Gdy wszedł do łazienki, zamarł. Na suficie oraz ścianie roztaczała się gigantyczna, ale to gigantyczna kilkumetrowa pajęczyna, a na niej siedziała dziwna istota wielkości człowieka. Była ona żółta z czerwonym odwłokiem. Posiadała osiem par odnóży, a na głowie wystawały jej uszy. Istota przekręciła głowę. Placki zobaczył coś co prawie spowodowało odróch wymiotny... Poranioną i zdeformowaną twarz skina Kalisa Pro.
Istota nagle zaczęła powoli schodzić z sieci. Placki natychmiast rzucił się do ucieczki, płacząc przy tym i krzycząc...

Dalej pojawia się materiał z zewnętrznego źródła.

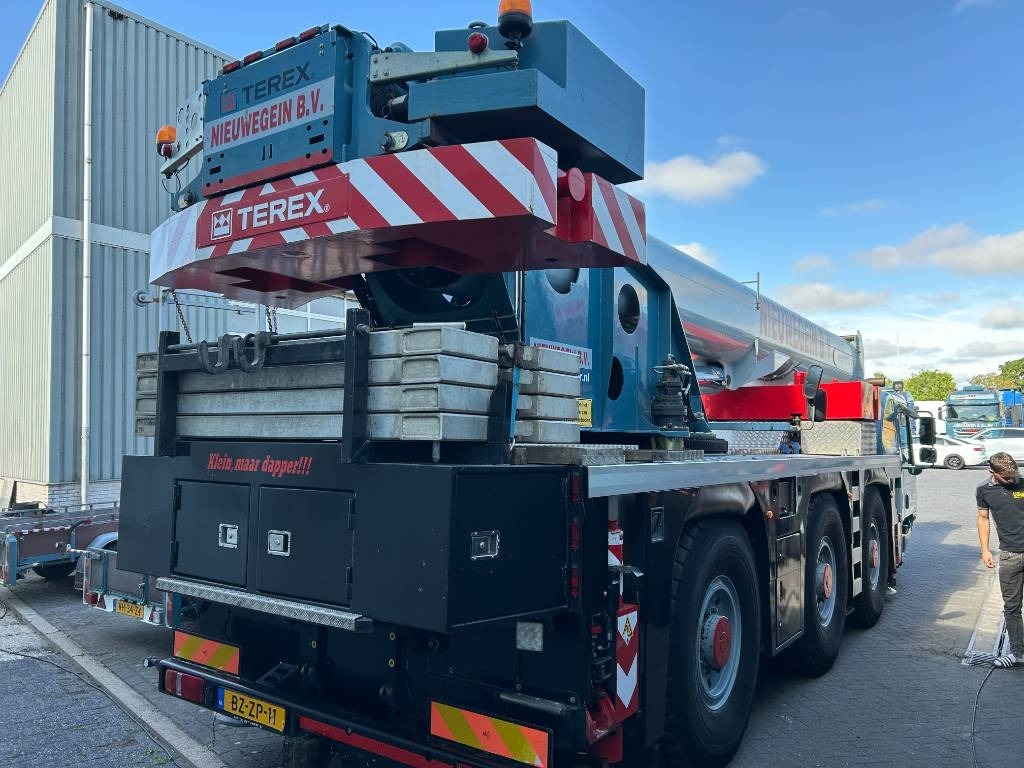 Terex Challenger 3160 - Grue tout-terrain: photos 3 Terex Challenger 3160 - Grue tout-terrain: photos 3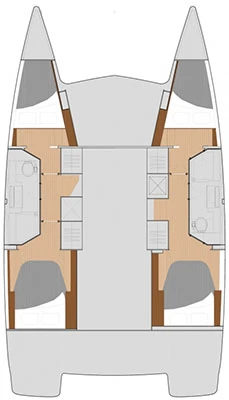 Pronájem Katamarán v Bormes-les-Mimosas -Fountaine Pajot Lucia 40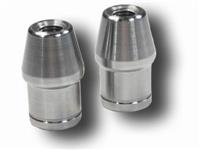 (2) TUBE ADAPTER 5/16-24 LH FITS 3/4 X 0.058 TUBE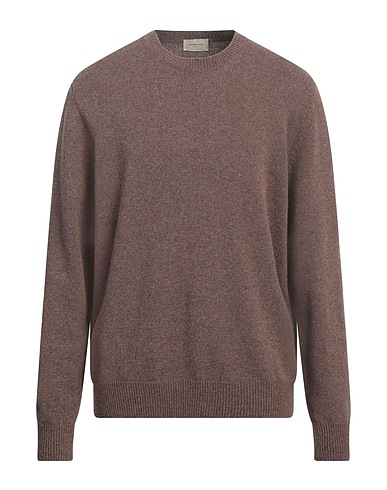 BROOKSFIELD Sweater Brown 90% Virgin Wool, 10% Cashmere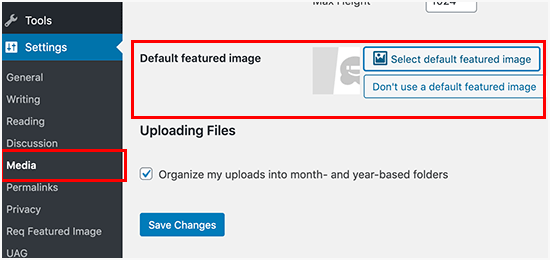 Default featured image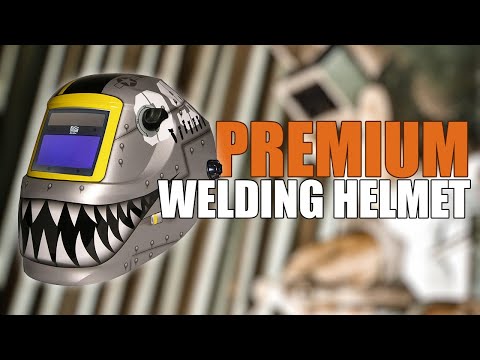 ArcOne 4500V-0171 Fighting Tiger Carrera™ 4500V Welding Helmet | WeldingOutfitter.com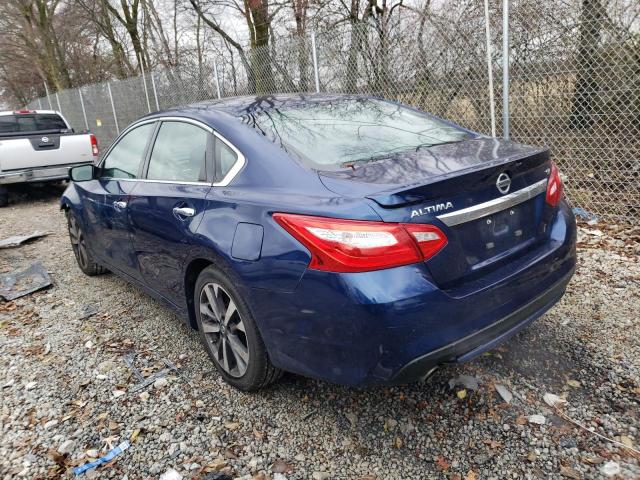 1N4AL3AP3GC139711 - 2016 NISSAN ALTIMA 2.5 BLUE photo 2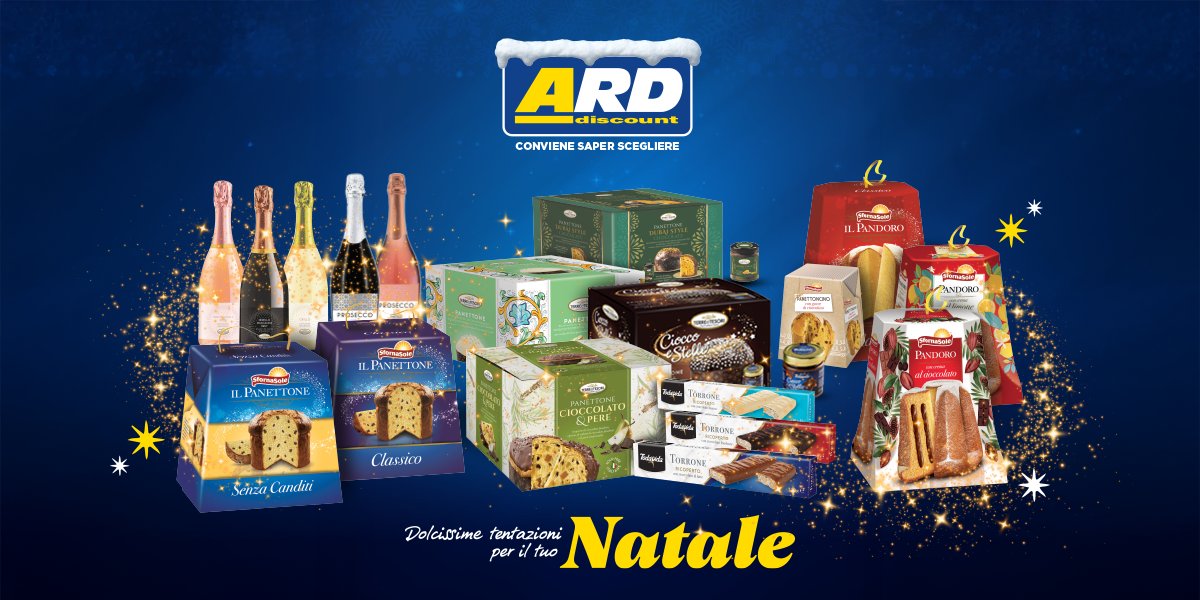 A Natale la magia è nei dettagli. E negli scaffali ARD Discount.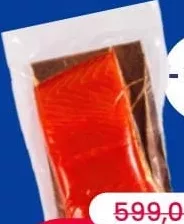 OCEAN FISH Somon file afumat în vid, 1 kg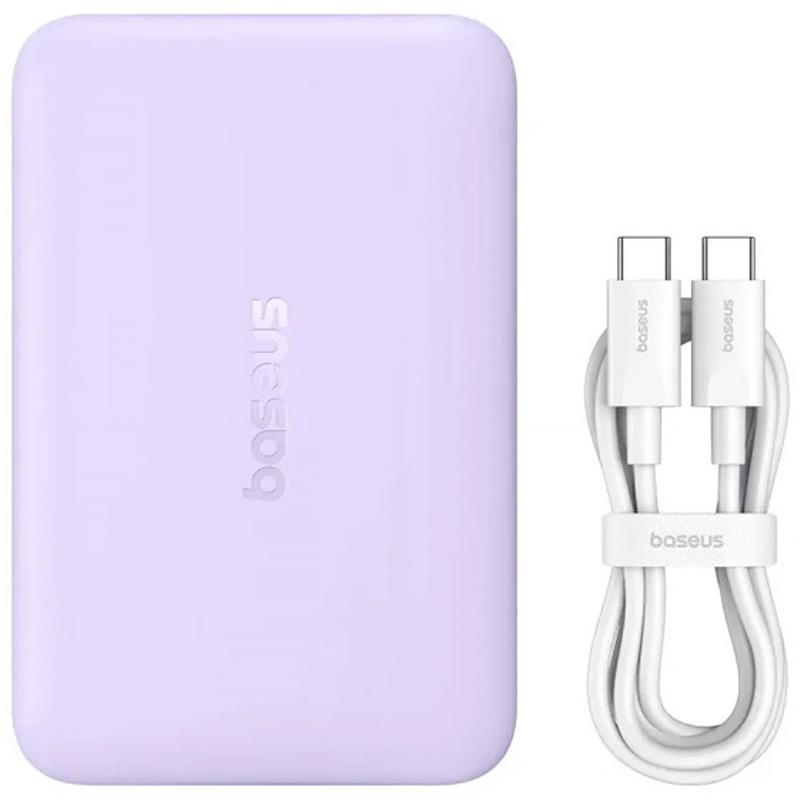Повербанк Power Bank Baseus EnerFill FM11 Ultra-Mini 22.5W з БЗП 10000mAh (PPFM11-1022) - Зображення 2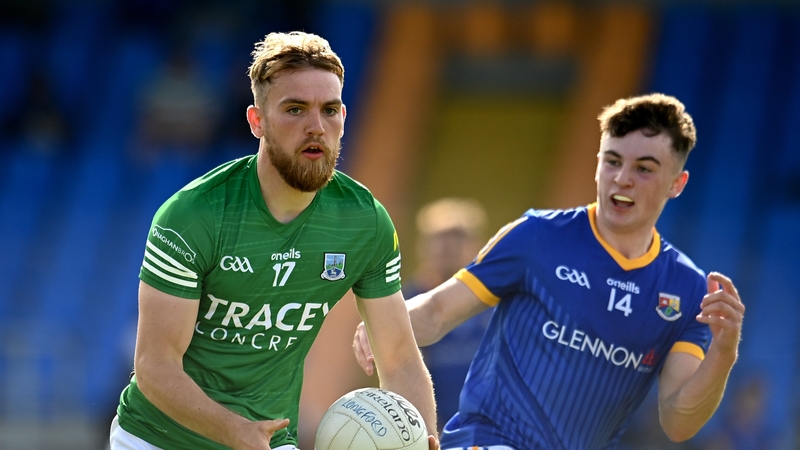 Ultan Kelm (L) had a dream return to the inter-county scene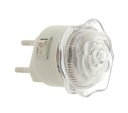 ZÁSUVNÁ NOČNÁ LED LAMPA 0,4W 230V 4 FARBY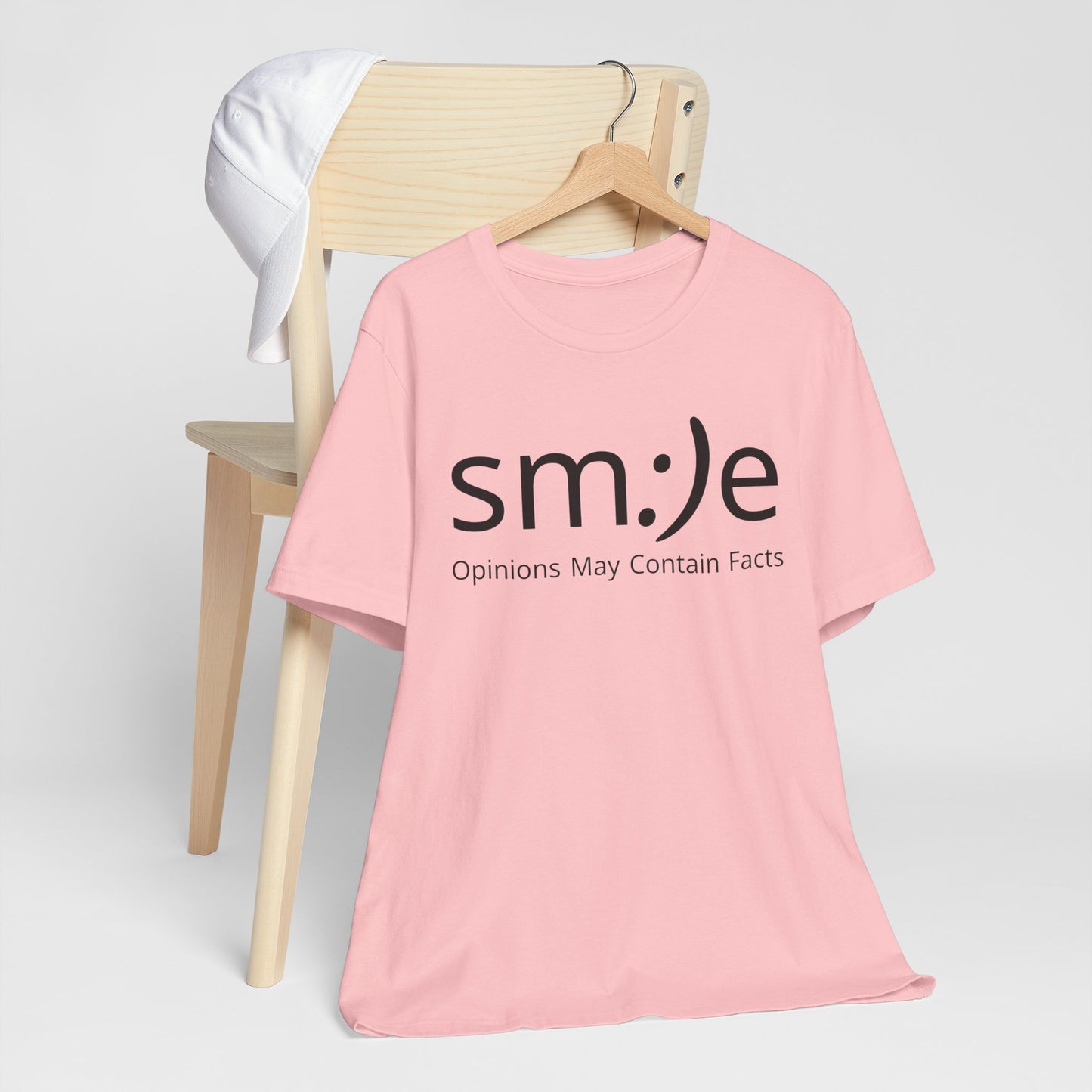 sm:)e Opinions May Contain Facts Tee | Sassy Truth-Teller Streetwear | Confident Statement Shirt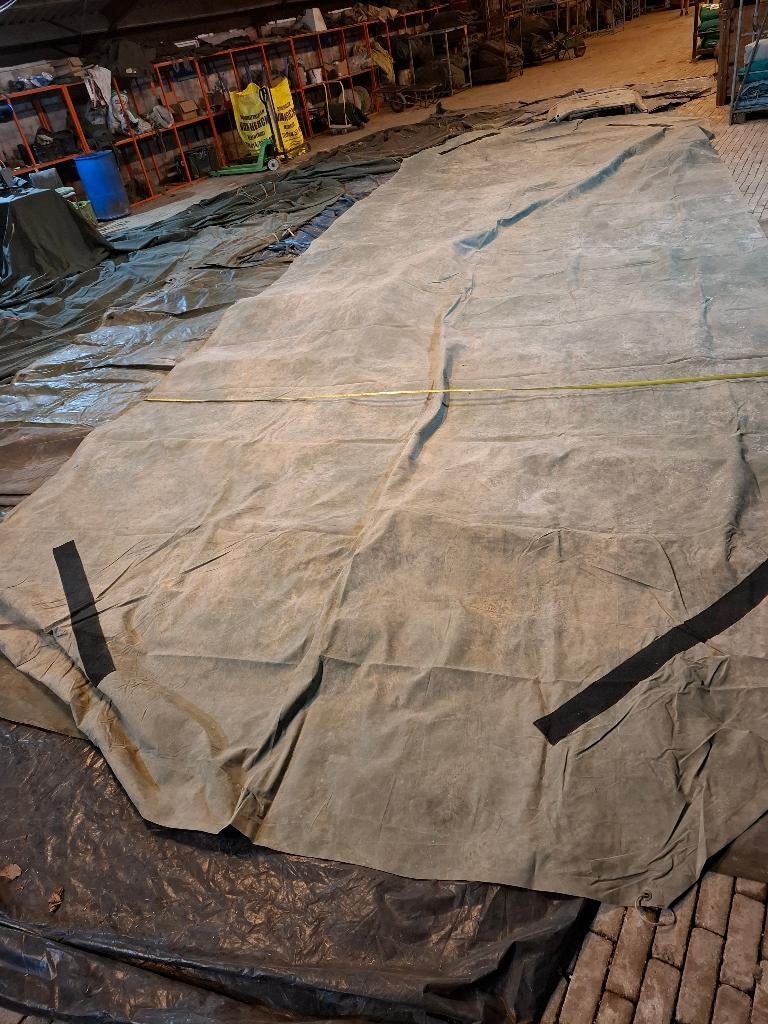 Grondzeilen / dekzeilen /..., Ophalen, Gebruikt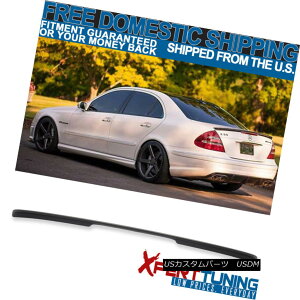 GAp[c 03-09 Mercedes Benz W211 E-Class Rear Trunk Spoiler Painted Matte Black ABS 03-09ZfXxcW211 ENXAgNX|C[h}bgubNABS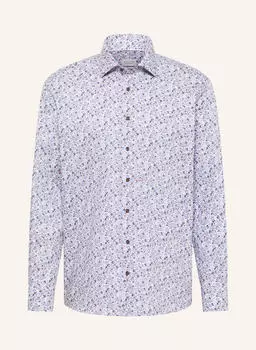 Рубашка удобного кроя Eterna, синий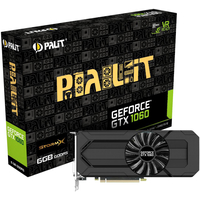 Видеокарта Palit GeForce GTX 1060 StormX 6GB GDDR5 [NE51060015J9-1061F]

"Po wielkich wylupiastych oczach plackowi przyszło na myśl jedno... skin banana..." xDDD, dobre, plusik leci Smile
Ładne opowiadanie łap + Smile
Nie do danio tera to przeszłeś sam siebie epic MASZ TU PLUSEŁA +
Danio008 napisał(a):odróch
Bardzo dobry polski, nie ma co.
Ludzie wymyślcie już coś oryginalnego. Pomysł z Bananem jako złą postacią jest tak nadużywany, że aż szkoda gadać, zresztą tak samo, jak pomysł ze zdeformowanymi postaciami. O ile nie wiem, do jakiego filmu/książki/serialu/gry nawiązuje twoje opowiadanie, to jedyne co mi przychodzi na myśl to FNAF 4, ale co do tego pewności nie mam.
Plusa nie ma.
Twoje horrory krok po kroku przestają być straszne. Twoje pierwsze horrory (degradacja, gniew zaun) miały kopa, te już średnio, prawie w ogóle. Zresztą widać, że horror wzorowany delikatnie na FNAFie 4. Kroplówka, miś pocieszający dzieciaka, długi korytarz prowadzący do kuchni i sypialni rodziców... Cóż. To tylko moja opinia na temat twojego opowiadania.